Saved entries
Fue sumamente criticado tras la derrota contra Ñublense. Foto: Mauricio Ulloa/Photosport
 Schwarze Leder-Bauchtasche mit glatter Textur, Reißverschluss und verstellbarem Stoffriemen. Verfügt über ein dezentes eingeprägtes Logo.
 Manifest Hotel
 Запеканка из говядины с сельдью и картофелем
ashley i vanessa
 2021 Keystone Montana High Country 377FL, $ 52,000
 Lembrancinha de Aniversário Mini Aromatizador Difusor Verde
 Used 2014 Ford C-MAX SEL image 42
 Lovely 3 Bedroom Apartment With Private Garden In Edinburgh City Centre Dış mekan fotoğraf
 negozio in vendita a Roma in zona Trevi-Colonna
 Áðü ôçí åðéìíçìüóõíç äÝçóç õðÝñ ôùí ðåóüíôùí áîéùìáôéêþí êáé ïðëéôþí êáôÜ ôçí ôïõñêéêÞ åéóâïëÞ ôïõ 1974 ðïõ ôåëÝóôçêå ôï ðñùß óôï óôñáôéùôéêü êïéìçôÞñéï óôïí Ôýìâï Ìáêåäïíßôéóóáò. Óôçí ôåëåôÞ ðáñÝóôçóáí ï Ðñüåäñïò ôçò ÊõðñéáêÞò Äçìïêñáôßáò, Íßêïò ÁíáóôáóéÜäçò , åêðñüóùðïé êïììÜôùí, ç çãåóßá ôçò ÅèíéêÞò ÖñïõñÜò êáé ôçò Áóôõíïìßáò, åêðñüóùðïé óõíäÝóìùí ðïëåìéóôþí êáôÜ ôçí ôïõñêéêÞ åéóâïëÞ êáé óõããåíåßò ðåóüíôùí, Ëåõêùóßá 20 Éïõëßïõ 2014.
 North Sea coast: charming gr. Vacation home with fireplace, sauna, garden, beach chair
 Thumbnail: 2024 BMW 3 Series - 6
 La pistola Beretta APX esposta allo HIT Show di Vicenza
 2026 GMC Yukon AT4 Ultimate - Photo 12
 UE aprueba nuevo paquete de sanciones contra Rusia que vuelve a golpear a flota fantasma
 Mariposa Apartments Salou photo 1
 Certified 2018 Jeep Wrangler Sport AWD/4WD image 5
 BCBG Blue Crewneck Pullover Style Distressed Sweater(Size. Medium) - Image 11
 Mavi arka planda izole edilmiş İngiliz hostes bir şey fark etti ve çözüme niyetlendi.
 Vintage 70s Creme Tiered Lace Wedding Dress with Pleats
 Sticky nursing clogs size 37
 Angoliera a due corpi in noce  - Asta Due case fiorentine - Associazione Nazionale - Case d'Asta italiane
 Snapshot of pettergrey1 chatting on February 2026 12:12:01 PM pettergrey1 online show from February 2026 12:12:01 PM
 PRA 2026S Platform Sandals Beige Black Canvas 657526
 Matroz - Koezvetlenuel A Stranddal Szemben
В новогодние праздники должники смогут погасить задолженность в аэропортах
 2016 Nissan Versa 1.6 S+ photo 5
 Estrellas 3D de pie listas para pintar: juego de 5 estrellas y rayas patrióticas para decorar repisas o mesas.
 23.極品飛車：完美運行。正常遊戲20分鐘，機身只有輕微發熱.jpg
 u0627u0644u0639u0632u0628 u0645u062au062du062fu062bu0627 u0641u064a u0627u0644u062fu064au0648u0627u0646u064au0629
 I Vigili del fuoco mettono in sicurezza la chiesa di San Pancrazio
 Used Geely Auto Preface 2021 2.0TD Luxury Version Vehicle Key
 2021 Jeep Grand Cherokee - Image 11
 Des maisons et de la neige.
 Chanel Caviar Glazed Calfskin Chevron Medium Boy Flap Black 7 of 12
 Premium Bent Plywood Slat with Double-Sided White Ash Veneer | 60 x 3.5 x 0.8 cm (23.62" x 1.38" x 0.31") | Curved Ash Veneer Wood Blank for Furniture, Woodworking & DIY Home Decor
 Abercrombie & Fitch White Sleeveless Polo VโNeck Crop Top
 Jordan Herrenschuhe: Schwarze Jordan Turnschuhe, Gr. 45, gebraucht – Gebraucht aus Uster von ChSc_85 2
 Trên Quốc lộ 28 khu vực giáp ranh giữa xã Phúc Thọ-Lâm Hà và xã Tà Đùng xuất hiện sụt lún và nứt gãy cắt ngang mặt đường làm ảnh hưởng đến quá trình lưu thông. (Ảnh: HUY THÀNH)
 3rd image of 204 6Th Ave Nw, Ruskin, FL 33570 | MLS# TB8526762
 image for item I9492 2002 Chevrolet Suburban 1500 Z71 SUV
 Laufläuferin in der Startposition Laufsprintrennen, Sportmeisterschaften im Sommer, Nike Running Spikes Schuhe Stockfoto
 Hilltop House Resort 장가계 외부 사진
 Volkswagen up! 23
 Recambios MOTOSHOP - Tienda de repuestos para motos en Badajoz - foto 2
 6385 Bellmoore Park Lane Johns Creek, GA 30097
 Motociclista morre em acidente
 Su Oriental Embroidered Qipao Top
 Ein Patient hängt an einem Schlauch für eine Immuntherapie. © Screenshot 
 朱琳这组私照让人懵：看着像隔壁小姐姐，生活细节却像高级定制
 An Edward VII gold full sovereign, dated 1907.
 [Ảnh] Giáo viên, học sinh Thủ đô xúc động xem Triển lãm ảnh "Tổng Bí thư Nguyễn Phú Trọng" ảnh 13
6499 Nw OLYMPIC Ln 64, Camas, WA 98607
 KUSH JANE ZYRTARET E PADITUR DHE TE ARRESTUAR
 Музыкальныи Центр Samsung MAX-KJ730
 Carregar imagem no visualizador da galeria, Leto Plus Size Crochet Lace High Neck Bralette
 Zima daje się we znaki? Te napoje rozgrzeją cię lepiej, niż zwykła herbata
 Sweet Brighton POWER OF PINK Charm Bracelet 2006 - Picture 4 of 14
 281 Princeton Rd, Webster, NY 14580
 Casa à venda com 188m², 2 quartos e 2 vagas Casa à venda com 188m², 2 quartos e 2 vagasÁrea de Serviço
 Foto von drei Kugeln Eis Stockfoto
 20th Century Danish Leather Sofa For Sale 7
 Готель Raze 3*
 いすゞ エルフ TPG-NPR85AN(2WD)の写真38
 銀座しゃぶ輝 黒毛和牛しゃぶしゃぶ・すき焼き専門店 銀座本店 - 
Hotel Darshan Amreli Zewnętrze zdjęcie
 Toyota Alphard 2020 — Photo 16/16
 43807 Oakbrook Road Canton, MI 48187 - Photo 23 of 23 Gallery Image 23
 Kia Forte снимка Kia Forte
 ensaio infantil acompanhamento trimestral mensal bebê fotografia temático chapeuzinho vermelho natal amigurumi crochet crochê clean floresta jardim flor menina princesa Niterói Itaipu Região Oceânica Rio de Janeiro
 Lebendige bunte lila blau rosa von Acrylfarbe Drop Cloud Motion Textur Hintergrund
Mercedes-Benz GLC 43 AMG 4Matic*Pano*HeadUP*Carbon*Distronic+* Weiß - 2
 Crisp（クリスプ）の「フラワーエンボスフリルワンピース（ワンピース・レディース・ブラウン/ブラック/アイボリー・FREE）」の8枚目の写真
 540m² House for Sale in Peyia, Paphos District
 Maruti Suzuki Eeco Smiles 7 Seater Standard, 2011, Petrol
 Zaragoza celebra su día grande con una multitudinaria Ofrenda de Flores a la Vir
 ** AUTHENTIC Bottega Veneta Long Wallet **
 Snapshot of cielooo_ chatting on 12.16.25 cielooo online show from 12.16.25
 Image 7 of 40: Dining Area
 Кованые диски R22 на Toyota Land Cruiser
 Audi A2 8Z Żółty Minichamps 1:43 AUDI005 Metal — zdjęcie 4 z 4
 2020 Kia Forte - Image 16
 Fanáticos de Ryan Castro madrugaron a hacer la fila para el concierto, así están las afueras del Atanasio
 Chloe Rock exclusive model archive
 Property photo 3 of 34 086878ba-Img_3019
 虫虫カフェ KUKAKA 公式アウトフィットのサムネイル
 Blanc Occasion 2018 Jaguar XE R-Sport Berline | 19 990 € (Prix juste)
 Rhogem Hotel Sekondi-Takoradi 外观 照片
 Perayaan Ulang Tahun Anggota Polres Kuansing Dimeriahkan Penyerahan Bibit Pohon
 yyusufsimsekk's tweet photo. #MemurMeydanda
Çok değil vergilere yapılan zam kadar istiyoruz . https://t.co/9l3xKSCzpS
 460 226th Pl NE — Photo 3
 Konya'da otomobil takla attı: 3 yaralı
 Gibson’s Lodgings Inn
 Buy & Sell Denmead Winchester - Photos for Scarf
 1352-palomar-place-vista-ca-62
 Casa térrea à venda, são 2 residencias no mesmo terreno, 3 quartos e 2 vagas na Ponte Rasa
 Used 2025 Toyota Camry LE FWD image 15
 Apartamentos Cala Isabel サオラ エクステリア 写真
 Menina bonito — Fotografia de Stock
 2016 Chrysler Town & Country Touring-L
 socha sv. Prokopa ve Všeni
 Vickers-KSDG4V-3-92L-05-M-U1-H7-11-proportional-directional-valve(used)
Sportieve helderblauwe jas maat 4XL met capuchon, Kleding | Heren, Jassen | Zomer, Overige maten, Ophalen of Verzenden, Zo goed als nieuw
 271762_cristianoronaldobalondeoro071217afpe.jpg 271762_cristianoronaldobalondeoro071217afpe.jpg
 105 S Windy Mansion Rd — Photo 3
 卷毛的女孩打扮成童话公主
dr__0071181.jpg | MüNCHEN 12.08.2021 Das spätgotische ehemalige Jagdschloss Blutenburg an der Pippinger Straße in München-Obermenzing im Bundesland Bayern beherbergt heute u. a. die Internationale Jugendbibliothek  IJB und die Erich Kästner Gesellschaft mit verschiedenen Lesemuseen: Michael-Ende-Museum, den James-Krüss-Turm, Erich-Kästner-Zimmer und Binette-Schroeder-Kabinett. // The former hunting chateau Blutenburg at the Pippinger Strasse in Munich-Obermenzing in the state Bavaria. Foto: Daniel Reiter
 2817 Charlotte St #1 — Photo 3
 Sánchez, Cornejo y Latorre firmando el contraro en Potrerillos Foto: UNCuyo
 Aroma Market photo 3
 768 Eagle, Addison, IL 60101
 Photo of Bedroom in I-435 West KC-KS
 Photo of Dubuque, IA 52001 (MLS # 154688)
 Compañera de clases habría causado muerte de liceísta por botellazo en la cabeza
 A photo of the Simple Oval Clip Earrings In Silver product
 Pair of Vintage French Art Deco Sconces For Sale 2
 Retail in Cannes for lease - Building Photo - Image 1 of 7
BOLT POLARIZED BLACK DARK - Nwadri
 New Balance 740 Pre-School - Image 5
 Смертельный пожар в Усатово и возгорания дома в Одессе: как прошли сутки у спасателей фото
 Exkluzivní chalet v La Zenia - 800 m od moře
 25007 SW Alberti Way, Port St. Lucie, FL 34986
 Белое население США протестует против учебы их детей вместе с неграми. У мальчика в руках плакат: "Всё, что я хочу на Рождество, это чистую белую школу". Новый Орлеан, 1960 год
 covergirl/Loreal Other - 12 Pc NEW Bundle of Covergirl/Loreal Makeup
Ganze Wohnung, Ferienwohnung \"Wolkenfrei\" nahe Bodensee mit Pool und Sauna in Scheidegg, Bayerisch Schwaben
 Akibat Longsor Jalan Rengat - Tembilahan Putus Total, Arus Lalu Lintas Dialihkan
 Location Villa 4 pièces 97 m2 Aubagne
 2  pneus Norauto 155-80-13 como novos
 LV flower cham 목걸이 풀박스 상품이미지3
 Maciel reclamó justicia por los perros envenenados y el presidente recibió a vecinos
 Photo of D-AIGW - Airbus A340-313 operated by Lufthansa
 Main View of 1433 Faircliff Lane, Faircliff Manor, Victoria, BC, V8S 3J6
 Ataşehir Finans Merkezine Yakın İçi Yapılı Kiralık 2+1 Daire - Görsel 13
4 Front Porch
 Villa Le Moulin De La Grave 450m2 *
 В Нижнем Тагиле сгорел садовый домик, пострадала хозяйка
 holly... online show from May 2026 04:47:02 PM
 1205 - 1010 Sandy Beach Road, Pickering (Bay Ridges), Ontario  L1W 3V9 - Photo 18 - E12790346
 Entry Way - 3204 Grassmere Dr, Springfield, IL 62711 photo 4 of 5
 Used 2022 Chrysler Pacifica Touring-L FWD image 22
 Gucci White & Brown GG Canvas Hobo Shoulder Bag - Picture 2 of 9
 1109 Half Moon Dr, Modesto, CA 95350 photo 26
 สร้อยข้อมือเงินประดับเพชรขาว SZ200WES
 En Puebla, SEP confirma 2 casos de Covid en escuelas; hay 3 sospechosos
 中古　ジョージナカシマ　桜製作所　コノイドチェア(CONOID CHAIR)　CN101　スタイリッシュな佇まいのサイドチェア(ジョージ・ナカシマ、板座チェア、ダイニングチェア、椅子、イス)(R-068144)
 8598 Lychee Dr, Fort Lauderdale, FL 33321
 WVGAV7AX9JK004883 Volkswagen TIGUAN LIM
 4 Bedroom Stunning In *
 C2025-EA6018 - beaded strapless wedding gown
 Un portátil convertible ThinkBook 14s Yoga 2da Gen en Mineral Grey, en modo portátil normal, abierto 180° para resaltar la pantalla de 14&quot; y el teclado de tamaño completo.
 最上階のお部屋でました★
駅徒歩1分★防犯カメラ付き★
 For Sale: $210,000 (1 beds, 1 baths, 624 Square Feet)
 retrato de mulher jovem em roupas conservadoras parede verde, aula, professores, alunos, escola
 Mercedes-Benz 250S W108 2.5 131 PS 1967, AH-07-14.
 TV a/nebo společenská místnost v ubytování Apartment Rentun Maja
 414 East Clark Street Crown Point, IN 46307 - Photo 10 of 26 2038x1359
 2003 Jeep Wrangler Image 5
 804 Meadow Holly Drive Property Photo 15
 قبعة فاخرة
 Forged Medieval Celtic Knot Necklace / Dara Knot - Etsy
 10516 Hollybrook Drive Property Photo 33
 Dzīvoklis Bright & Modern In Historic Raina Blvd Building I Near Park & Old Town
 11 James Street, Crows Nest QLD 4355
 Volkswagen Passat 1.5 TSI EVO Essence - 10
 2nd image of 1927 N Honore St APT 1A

Exercise objective
The lines above from the one with "1205 - 1010" through the one with "1109 Half Moon" are to be duplicated exactly, ends included, with nothing added.

Response to this task
 1205 - 1010 Sandy Beach Road, Pickering (Bay Ridges), Ontario  L1W 3V9 - Photo 18 - E12790346
 Entry Way - 3204 Grassmere Dr, Springfield, IL 62711 photo 4 of 5
 Used 2022 Chrysler Pacifica Touring-L FWD image 22
 Gucci White & Brown GG Canvas Hobo Shoulder Bag - Picture 2 of 9
 1109 Half Moon Dr, Modesto, CA 95350 photo 26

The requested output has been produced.